In my journey to motherhood, I am finding myself connecting with Scripture in new ways. I have wept with Hannah in my own battles with fertility and laughed with Sarai to discover my pregnancy. I have wrestled with Eve and the gynecological consequences of our sin. I have groaned with creation as “in the pains of childbirth” (Rom. 8:22). I am well familiar with the vulnerability of the pregnant women and nursing mothers in Matthew 24:19. I have felt the leaping of the babe in Elizabeth’s womb and groaned at the discomfort of Mary on the donkey and grieved the loneliness of the stable birth of our Savior.

I have so many new sermons stirring inside me as a result of these embodied experiences, and I have only been a mother for the duration of a thirty-nine-week pregnancy and the short nine weeks since my daughter’s birth. Yet I have to wonder if these sermons, and the sermons of so many other more experienced mothers, will ever be given a space to be preached if the church does not shatter the stained-glass ceiling.

And so I’d like to share two of those sermon themes with you. Maybe they will inspire you to preach a mother’s sermon at your own church.

Sermon Theme: The God Who Is “Mother”

There is a rich biblical and traditional theology which refers to God as “Mother,” yet we have to dig for resources which expound upon a maternal theological imagery. Rarely are sermons preached on this imagery, and it is not only mothers who need this kind of theological formation. It is needed by all of us because it is who God is as depicted in Scripture.

I have spent much of my life believing that referencing God as “Mother” meant that you were in the dangerous territory of heretical theology outside the boundaries of traditional doctrine and therefore not truly Christian. And although I am sympathetic to these concerns, these unthinking and harshly drawn lines have damaged our understanding of God even as he is described in Scripture.
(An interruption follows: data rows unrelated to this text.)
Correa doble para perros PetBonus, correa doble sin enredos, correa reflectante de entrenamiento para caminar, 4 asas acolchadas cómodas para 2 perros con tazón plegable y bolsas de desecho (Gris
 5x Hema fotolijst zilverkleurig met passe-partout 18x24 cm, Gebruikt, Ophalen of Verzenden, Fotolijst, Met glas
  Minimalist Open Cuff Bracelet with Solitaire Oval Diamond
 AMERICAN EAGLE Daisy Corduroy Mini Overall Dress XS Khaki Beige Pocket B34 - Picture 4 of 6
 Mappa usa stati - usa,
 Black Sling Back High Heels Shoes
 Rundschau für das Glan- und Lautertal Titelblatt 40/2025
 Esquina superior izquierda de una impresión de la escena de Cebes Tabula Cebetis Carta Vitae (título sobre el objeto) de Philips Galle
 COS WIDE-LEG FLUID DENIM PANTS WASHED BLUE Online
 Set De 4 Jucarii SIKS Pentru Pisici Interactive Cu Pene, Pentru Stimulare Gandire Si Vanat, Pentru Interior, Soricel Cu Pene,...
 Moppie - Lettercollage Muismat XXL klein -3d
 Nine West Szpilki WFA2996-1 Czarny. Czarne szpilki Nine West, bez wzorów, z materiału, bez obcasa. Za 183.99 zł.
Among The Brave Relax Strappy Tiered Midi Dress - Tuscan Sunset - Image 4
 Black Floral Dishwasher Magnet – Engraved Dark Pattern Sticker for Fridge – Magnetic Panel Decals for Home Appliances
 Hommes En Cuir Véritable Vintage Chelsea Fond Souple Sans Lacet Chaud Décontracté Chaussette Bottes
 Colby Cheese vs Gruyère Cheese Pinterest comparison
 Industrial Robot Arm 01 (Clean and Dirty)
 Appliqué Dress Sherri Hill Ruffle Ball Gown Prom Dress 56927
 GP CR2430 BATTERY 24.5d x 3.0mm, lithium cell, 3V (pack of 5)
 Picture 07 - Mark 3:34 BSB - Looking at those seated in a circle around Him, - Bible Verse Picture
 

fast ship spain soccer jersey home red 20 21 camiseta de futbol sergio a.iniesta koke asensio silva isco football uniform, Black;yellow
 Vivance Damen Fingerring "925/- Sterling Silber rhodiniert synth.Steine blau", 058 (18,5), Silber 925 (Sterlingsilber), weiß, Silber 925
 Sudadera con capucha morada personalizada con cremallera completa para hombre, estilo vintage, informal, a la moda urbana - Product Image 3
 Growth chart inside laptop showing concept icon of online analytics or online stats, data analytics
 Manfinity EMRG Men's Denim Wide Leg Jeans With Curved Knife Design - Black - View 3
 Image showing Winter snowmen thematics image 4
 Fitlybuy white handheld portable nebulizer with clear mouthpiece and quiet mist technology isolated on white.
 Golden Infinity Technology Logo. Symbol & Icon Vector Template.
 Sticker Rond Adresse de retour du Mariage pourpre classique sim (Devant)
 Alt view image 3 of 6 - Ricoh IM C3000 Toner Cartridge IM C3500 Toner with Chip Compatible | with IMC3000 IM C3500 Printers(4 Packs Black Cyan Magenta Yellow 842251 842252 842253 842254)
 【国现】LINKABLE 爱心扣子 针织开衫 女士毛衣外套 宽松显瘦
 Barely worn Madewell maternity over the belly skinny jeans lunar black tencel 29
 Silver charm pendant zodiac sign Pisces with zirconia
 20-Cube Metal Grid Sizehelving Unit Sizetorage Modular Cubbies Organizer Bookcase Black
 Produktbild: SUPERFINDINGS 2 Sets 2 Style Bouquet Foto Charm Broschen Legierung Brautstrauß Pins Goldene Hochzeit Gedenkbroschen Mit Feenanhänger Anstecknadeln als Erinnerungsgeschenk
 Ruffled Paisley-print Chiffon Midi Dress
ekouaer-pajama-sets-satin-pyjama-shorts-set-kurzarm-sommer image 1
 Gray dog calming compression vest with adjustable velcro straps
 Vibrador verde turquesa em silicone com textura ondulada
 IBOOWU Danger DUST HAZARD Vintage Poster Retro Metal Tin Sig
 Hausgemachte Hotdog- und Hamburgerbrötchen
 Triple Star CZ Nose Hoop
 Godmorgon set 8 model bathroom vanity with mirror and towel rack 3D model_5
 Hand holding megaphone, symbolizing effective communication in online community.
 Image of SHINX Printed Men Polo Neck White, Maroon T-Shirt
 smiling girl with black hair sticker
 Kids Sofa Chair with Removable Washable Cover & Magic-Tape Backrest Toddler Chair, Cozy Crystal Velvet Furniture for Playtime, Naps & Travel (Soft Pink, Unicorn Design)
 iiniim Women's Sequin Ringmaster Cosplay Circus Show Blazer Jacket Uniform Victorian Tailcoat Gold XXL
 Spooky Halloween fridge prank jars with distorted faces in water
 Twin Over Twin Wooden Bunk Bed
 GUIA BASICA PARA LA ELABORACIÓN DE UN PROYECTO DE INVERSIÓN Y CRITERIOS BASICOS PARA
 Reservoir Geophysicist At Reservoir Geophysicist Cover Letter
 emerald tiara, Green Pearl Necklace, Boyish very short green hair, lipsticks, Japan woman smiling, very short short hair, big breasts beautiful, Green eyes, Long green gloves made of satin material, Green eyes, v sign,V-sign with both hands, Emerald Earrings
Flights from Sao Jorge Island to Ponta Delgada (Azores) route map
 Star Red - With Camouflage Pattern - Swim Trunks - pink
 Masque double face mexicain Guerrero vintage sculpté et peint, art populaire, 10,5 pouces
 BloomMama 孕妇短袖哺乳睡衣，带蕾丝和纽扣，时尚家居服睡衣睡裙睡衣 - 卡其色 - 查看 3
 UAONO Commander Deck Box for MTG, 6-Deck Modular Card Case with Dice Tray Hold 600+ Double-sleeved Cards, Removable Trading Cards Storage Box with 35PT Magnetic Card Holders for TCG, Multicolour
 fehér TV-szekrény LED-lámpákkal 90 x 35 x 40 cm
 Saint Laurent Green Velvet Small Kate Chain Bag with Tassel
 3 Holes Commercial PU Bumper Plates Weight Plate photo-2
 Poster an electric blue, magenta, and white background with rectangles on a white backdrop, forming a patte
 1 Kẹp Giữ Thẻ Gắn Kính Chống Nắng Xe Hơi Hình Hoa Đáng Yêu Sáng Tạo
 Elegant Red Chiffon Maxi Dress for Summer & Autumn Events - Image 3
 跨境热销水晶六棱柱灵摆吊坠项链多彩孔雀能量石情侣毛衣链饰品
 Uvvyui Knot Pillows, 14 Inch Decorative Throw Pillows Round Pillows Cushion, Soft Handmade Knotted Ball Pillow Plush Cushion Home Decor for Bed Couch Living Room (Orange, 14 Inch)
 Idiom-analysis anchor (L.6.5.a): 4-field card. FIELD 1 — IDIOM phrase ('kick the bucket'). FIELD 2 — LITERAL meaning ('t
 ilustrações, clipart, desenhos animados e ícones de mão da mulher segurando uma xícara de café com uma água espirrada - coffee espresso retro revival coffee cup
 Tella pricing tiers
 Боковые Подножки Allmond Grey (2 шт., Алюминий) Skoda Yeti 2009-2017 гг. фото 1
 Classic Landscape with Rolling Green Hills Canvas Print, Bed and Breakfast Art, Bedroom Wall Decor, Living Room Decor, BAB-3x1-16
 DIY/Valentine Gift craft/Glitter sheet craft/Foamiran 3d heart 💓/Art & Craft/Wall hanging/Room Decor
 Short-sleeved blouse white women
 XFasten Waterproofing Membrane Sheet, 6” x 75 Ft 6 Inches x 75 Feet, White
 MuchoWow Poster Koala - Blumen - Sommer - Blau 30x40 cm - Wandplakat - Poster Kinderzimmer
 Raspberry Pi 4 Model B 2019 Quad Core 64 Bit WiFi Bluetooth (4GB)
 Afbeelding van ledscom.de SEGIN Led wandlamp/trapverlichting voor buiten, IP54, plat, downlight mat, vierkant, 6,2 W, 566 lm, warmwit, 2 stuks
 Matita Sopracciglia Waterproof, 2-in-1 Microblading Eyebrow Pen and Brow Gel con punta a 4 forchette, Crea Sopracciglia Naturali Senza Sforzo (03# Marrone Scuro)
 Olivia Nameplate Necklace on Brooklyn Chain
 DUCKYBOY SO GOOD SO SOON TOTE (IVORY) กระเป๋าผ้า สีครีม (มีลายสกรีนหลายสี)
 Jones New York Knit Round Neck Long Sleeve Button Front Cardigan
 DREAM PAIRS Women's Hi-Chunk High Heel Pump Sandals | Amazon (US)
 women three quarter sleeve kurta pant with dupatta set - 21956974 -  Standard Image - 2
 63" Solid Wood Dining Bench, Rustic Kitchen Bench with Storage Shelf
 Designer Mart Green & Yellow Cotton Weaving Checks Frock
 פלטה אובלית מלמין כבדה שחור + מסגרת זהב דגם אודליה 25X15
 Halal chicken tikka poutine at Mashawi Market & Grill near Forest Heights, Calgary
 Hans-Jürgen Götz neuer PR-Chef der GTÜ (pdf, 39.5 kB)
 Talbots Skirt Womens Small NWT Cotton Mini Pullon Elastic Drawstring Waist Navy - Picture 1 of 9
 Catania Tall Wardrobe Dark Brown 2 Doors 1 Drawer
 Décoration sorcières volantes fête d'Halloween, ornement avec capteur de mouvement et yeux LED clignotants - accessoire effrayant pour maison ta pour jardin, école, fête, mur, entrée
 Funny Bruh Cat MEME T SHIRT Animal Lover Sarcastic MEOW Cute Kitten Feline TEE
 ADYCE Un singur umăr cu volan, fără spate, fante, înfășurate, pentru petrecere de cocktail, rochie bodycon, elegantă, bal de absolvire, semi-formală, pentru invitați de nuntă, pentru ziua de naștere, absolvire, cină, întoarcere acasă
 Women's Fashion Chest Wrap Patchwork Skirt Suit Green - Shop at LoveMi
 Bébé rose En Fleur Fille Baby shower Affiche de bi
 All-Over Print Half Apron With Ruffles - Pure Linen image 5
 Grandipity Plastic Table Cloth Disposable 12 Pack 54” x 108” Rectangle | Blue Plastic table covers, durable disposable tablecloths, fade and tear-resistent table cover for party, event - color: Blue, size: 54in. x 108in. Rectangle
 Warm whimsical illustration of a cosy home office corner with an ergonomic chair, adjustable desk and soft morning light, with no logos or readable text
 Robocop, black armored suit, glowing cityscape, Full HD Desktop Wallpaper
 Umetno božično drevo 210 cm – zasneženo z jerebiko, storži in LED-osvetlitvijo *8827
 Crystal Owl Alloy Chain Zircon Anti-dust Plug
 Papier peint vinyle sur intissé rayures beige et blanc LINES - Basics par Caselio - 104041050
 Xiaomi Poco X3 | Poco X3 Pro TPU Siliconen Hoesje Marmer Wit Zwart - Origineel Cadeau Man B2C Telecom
A friend and I recently sat in my living room, her two-year-old playing at our feet, my nine-week-old sleeping nearby, her in the late stages of her second pregnancy and me riding the waves of post-partum hormones. Our conversation explored the changes in each of our spiritual journeys now that we are mothers. She shared with me how her lifelong theological formation which emphasized a God who punishes us for our sin led her to believe that, like Eve, her traumatic childbirth experience followed by several painful months of a brutal battle to breastfeed her son was God’s way of punishing her for her sinful humanity. In her spiritual journey she has had to untangle herself from this single-minded penal theology to lean into the God who is also described in Isaiah 49:15 as a nursing mother, saying, “Can a mother forget the baby at her breast, and have no compassion on the child she has borne? Though she may forget, I will not forget you!”

In my own tumultuous, painful, and challenging journey as a new mother, it is not the God who is a “rock” or a “consuming fire” or a “mighty fortress” or a “firm foundation” that I want to be comforted by. Instead I am clinging to the God who says, “Like a bear robbed of her cubs, I will attack them and rip them open…” (Hos. 13:8) and the God who describes, “As a mother comforts her child, so will I comfort you” (Isa. 66:13). My God is both the strong, steady Rock of Ages, as well as the soft cushion of a mother’s breast who is “like an eagle that stirs up its nest and hovers over its young, that spreads its wings to catch them, and carries them aloft” (Deut. 32:11). And yet where will I go to find a sermon preached on any of this?

It is my embodied experience as a new mother that has created in me a new craving and desperation for this kind of spiritual comfort and understanding of God. As I reflect on what I have been taught about the motherhood of God, I find it baffling that we are more comfortable with and comforted by the God who is a rock than the God who is a mother. I have never met a comfortable rock.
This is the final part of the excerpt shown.